音楽教室を運営し始めてから24年目となります。
コンクールにも参加したこともありました。
中には国際コンクールに上位入賞するような生徒さんも在籍しました。今は皆それぞれの場所で活躍しています。
あらためていろいろなこと、思い起こしています。
是非は置いておいて、生徒さんが国際コンクールに参加となると審査員にアピールする曲目を選ばなくてはいけませんでした。
譜読みの段階では到底、無理かと思われそうな楽譜をこちらが提示するのですが、その際、す~~っとそれを受け入れてそのまま練習に入ってゆく、そんな風景を思い出します。
20世紀の作品の場合だと楽譜の読み方それ自体わからないことも多いので、こちらが手取り足取り、教えてあげる必要こそありましたが、家で取り組む際は必ずしも「音楽的」とは言えない音が沢山あったのではないかと想像します。
楽譜そのものが読めないし、読めたとしても難しくて思い通りのテンポで吹くことは到底かなわず、メトロノームのテンポが半分あるいは半分以下の超スローテンポでやらなければいけない箇所も多くなります。
これは現代的な曲でもバロックの曲でも同じです。
多分、ひとりの練習の際はもしかしたら、かなり億劫なところを乗り越えてやって来たのではないか、と今では想像します。
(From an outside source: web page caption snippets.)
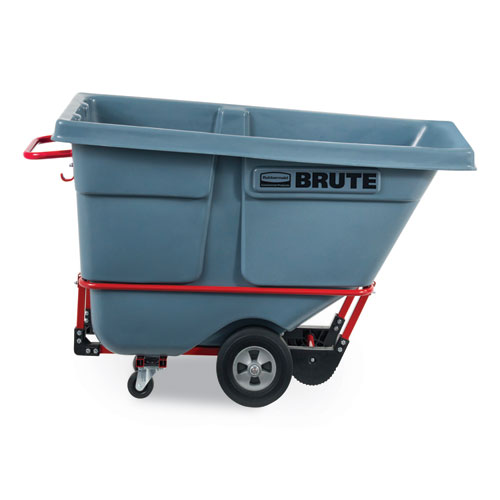 Picture of BRUTE DURATILT Frame Tilt Truck, Standard Duty, 0.5 cu yd, 850 lb Capacity, Rotomolded Resin/Leakproof Polyethylene, Gray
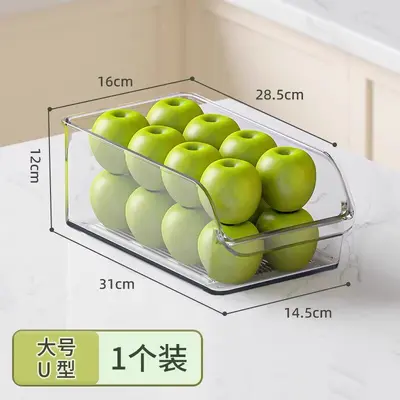 Kühlschrank-Schubladenorganizer, Eier- und Lebensmittelbox - 10
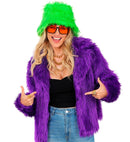 Purple Plush Woman Jacket
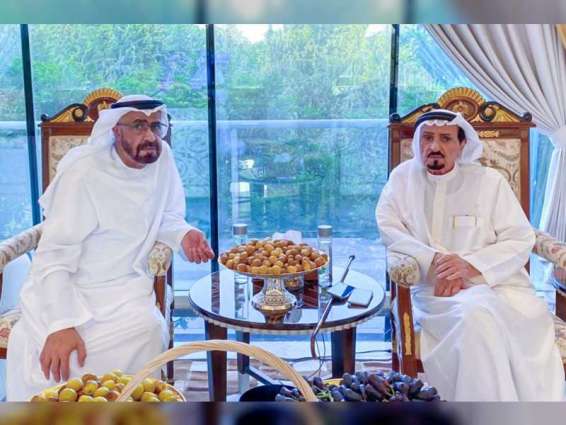 Ahjman Ruler receives Minister for Federal Supreme Council Affairs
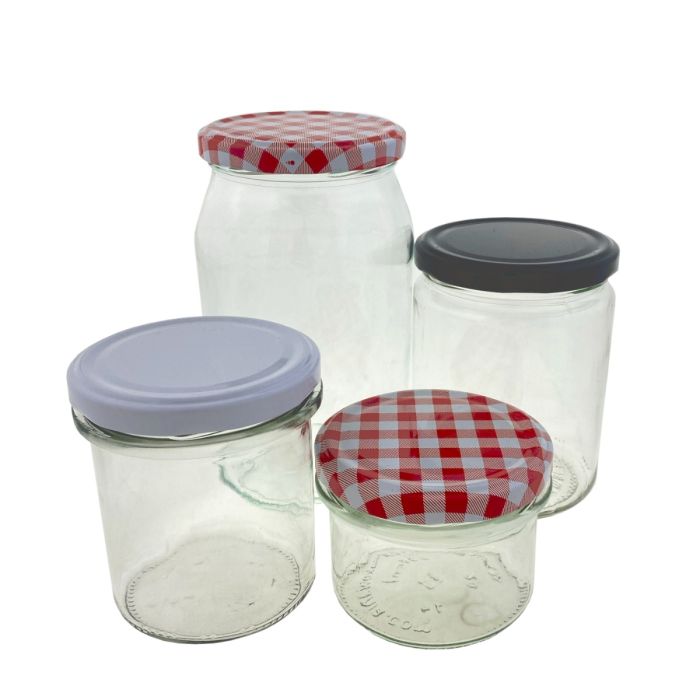 Glass jar 350 ml, 8 pieces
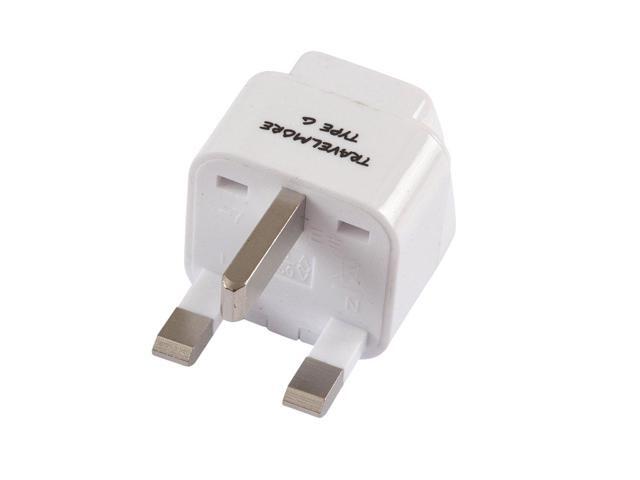 4 Pack Travel Adapter for Type G Plug - Works with Electrical Outlets in United Kingdom, Hong Kong, Ireland, Great Britain, Scotland, England,...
良い奏者の条件、沢山あるのですが、そのひとつは練習の際にどれだけ「非音楽的」な時間を向き合うことが出来るかどうか、ということです。
その人がその人自身をどれだけ信じられるのか、と言う点が問われるところです。
練習の際は、同じ箇所をゆっくりやってみたり、リズムを変えてみたり、強弱やアーティキュレーションを変えるくらいの変化はつきますが、実際の楽曲の表現とはつながりのない、抽象的な音の連続をつなげる練習、になることに変わりありません。
これは西洋音楽に奏者として、携わる場合に是非は置いて、避けられません。
あまりにも楽曲自身の表現とかけ離れてしまうので、つまらないのです。音と音をただつなげる、なんてそんなことは作曲者の表現意図とは関係なく、奏者が自分の技術的な都合を優先させて、自分の都合で練習してるだけです。
ある程度の規模を超える曲になると、必ず難しい箇所があります。その箇所を克服するためにはそこだけ、取り出して技術的な練習を別に行う必要があります。
往々にして機械的な無味乾燥なものとなります。
いわゆる「メカニック」な練習というものです。
感受性の強い奏者ほど、苦しい練習となりかねないやり方です。
でも、そこを通過しないと絶対にそういう曲は吹けるようになりません、コツは自分自身で自分の感受性のスイッチをオフにすることくらいしかありません。
かつての生徒諸君、今は各地で活躍しています。
そんな道を通って来ました。
今日は鹿児島地方、一日、雨模様でした。なんだか昔のこと、思い出されました。